本日は性転ナリ。

漆湯講義

69.重なり

 「ママぁ、ぬいぐるみ落ちてる」

 私は横を通り過ぎた子供の声でふと我に返った。咄嗟に周囲を見渡すも、やはりそこには彩ちゃんの姿は無い。
 "そっか、行っちゃったのか"
 売店の時計に目をやると、私が売店を出てから数十分も経っている事に気付く。
 私は地面に転がったぬいぐるみをそっと拾い上げると、胸に強く抱きしめた。投げ捨てられたそのぬいぐるみと一緒に"彩ちゃん"も捨てられてしまった、そんな気がしたのだ。
 すると私の目には自然と涙が溢れ、それを髪のカーテンに隠しながらも、自分の無力さに息を殺して泣いた。

 「何で……だよう」

 誰の耳にも届かない声がまた私の胸を締め付ける。きっとあれはもう一人の彩ちゃん。私が初めて出会った"天堂彩"だ。そして何故かは分からないけど、彩ちゃんは再び私へと憎悪を抱き、私の元を去って行った。
 少しだけ肌寒い風が私を包む。
 何度も何度も頭の中で整理をしようとするも、私にはどうしてかが分かる事は無い。地面に張り付いたその足が僅かに震えている。そして時間がその胸の戸惑いを和らげると、ようやく私の胸が落ち着きを取り戻し、私は重い足を進めたのだった。

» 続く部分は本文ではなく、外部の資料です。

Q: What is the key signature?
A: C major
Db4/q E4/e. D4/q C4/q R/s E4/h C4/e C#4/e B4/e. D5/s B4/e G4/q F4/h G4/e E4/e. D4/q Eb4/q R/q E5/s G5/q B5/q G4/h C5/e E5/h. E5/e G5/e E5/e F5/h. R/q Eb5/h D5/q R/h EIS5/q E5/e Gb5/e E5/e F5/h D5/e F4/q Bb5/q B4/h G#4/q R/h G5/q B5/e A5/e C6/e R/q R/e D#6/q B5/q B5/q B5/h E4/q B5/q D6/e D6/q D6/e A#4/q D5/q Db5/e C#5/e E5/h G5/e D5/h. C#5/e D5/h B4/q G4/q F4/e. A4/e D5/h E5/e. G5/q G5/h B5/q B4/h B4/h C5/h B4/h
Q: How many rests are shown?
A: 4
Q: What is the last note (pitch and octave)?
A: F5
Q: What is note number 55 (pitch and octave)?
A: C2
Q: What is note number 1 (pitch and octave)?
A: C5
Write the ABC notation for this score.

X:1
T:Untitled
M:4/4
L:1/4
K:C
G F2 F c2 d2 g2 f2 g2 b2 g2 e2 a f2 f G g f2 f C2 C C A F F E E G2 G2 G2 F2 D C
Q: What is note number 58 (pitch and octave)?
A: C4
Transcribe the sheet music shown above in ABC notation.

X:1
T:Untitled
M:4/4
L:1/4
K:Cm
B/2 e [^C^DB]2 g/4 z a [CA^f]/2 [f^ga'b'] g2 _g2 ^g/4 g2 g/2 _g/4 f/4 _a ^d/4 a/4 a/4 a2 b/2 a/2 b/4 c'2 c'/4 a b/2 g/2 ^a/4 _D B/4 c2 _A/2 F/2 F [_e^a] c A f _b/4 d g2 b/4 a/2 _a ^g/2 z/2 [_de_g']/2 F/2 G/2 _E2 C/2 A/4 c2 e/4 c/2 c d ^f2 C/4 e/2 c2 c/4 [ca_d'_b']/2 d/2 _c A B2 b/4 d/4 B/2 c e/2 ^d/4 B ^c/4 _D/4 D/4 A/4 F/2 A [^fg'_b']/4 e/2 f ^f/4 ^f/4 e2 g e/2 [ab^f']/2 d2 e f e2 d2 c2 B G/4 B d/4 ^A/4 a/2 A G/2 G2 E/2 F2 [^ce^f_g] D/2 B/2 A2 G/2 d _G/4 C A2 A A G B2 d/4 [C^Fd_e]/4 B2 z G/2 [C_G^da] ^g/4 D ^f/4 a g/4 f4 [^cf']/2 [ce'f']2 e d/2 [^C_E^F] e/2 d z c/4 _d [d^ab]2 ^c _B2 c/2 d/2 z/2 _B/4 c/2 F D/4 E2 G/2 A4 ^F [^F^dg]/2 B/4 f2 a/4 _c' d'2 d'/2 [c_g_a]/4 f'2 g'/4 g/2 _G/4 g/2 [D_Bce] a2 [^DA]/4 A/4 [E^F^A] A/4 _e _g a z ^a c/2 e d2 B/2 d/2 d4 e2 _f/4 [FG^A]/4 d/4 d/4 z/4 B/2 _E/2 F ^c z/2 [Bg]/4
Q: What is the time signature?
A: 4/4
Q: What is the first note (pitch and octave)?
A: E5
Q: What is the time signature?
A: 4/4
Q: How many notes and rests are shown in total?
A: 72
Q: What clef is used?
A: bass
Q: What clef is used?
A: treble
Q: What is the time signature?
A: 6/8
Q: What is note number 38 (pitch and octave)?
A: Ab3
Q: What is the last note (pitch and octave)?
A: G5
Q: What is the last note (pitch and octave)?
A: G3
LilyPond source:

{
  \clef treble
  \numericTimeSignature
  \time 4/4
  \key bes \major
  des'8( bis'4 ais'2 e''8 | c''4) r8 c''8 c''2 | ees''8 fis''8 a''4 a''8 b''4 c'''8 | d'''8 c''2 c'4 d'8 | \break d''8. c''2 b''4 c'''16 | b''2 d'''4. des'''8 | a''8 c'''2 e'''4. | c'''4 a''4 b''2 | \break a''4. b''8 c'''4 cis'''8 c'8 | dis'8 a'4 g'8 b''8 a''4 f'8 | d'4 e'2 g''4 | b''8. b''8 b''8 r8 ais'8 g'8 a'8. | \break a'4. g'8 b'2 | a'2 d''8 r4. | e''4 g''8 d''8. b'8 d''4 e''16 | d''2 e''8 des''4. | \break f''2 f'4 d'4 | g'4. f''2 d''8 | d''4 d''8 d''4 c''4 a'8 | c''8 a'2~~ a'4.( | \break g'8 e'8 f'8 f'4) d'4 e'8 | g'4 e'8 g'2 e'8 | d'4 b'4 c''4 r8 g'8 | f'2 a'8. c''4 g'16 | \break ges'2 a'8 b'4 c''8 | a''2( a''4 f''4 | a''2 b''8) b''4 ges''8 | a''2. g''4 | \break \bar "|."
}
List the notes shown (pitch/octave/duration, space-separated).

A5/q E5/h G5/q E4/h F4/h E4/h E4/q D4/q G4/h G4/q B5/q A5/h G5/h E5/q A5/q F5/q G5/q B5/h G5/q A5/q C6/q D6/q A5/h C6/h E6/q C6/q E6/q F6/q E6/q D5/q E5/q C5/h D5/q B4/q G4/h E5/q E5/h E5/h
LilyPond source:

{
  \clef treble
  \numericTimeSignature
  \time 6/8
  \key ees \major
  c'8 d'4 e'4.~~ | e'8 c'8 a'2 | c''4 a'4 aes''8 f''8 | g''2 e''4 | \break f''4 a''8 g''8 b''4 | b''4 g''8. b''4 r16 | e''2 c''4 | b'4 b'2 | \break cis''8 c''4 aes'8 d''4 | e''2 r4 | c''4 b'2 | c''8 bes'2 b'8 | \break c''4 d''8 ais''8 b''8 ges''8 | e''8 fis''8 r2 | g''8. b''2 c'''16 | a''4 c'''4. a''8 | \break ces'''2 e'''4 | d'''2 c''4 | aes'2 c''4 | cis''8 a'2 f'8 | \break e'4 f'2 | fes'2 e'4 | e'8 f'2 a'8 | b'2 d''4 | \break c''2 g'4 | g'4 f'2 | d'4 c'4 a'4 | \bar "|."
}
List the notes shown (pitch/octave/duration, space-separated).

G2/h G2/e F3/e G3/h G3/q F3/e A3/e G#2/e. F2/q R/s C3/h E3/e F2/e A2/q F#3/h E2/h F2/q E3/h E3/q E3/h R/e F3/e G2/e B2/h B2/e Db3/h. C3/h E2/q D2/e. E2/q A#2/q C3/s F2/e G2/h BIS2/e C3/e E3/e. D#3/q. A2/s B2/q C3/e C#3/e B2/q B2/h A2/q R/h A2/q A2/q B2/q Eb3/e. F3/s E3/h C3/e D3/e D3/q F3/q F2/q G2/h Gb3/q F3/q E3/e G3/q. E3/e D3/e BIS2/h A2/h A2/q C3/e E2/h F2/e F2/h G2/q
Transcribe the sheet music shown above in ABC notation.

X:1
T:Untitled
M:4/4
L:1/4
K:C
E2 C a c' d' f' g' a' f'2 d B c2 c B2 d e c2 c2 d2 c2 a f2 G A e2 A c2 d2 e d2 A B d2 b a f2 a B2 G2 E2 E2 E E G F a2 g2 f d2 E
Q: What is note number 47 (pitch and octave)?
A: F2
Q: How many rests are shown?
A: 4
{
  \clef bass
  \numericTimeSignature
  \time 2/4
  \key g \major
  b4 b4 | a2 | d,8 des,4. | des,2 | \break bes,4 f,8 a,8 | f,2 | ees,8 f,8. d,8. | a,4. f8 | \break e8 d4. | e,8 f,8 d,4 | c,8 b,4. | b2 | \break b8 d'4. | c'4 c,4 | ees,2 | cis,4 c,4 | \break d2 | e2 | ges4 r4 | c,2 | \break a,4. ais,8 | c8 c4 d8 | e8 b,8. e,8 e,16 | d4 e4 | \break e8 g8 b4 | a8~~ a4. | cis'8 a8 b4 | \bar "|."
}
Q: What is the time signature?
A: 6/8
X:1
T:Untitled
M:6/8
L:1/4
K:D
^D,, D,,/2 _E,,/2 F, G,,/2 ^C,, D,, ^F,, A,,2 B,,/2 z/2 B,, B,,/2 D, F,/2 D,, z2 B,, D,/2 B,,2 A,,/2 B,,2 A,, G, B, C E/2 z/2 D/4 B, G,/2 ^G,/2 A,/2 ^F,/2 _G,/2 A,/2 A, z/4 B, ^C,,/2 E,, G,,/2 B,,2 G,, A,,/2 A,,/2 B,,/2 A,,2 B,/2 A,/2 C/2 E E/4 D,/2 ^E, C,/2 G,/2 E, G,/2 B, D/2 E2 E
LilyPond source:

 バスを降り、ほんのりと茜色に染まり始めた街並みの中をとぼとぼと足を進めていく。私の目に映るその景色は朝とは打って変わりどこか寂し気で、そんな景色に自ずと小さな溜息ばかりでてしまう。
 ……私はいつからこんなにも感傷的になってしまったんだろう。昔ならこんな事があってもすぐに割り切って何事も無かったかのように振る舞えていただろうに。
 すると虚な目にある店の看板が留まった。
 "お探しの本必ず有り〼"
 そして私は引き寄せられるようにその店のドアの前へと足を進めていた。両開きのガラス戸を押し開けると、カランカランと鈴の音が店内に響く。
 薄暗い店内には幾つもの本が整然と並べられており、その一番奥のレジでは、眼鏡を掛けたおじさんが客である私には見向きもせず、熱心に本を読んでいるのが見える。
 そして私は、迷路のような本棚に囲まれた狭い通路をゆっくりと歩いていく。
 文芸……、実用書……、絵本……、参考書……、専門書。
 そこで私の足が止まる。視線を右から左、それを上から下へと動かしていく。

 "多重……人格を知る"

 私は本を手に取った。そこには多重人格……、解離性同一性障害についてがイラスト付きで記されていた。
 "自分の中に複数の人格が現れるものを多重人格障害(解離性同一性障害)という……。そしてある人格が現れているとき、他の人格のときの記憶がないケースが多く、生活面では様々な支障が出てきます"

 私は食いつくように読み進めた。もしかしたら彩ちゃんを元に戻す手掛かりになるのかもしれない、と期待を抱いて。
 ……その時、コンコン、と机をノックするような音が響いて、私は視線を店の奥へと向けた。

「此処は本屋だ。本を読むのは図書館」

 しゃがれた声が静まり返った店内にやけに大きく響いた。さっきまで私なんか無視して本を読んでいた癖に。そう思いながらも、私はその眼力に圧されて逃げるように店を出た。